Bridging the Gap

Published on 
June 30, 2016


Nasoalveolar Molding Brings Great Success for Babies With Cleft Lip and Palate

In honor of National Cleft and Craniofacial Awareness and Prevention Month in July, I would like to highlight a special program here at CHLA called the NAM Program, which stands for Nasoalveolar (the area around the nose and jaw that support the teeth) Molding. This special technique helps make corrective surgery for cleft lip and palate deformities much more effective.

Cleft lip and palate is one of the most common birth defects in the U.S., according to the Centers for Disease Control and Prevention (CDC). This means that the baby is born with a cleft—a split or opening—in the upper lip and/or the hard boney palate in the mouth, extending up under or into the nose. The CDC website says that about 20 babies per day are born in the U.S. with these deformities, which can cause:

  • Feeding problems
  • Frequent ear infections
  • Speech problems
  • Hearing problems

There have been presurgical treatments for this condition since the 1950s. In 1993, Barry Grayson, DDS, and his team worked on a technique to correct these deformities and over time this developed into a presurgical procedure called NAM. 

The NAM Program started in 2004 at CHLA by John Groper, DDS, MS and Simon Gamer, DDS, and has helped hundreds of children since then.
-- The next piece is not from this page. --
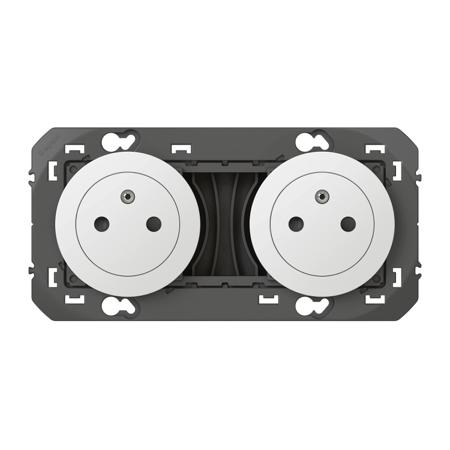 600332 Legrand 6003 White Plug Socket, 2 Poles, 16A, Indoor Use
Pregnant mothers are referred to the program before the baby is even born if a defect of this type is suspected. This offers the best chance of success as the actual treatment should start during the first week of life. Any trust that the mother can build with the team ahead of time can help ensure that she arrives in a timely manner after birth and completes the treatment.

Before photo of patient part of the NAM Program.
After photo


NAM brings the gum and lip together by remolding the infant’s tissues early in life while they are still very easy to manipulate—starting in the first week of life is ideal, and not later than 6 weeks of age. An oral appliance made especially for the child is molded and placed into his or her mouth, with a separate piece in the nose. The mouthpiece, once fitted, will remain in place for three to four months before the initial surgery, only being removed once daily for cleaning by the parent. The goal is to reduce the gap that surgeons need to join long before surgery ever takes place. Imagine repairing a gap of just millimeters, instead of a gap the width of a centimeter or more. This helps create the optimal individual outcome for babies with cleft lip or palate.

This procedure takes a team of craniofacial/plastic surgeons and nurses, a pediatric dentist, a prosthodontist, nurses and technicians who have perfected the technique and partner with the family to build a close relationship during and after the process. At Children’s Hospital Los Angeles, the entire team is on the same floor of our Outpatient Tower, making communication and consulting convenient and timely. Gamer and Groper say this is a very special and unique thing that helps make our program so successful.

Measures for success:

  • The doctors and dentists must have expertise in this area of treatment.
  • The parents of the child must get educated and be compliant with the treatment plan.
  • The baby must be accepting of the appliance, even though often there is an adjustment period that can be difficult.

If the family is persistent and works with the team to complete the program before the first surgery, the results can be miraculous, according to Gamer and Groper. Part of the team also includes other families who have been through this procedure, who help and support new families just starting out. It is amazing the difference this program can make for the child and the whole family!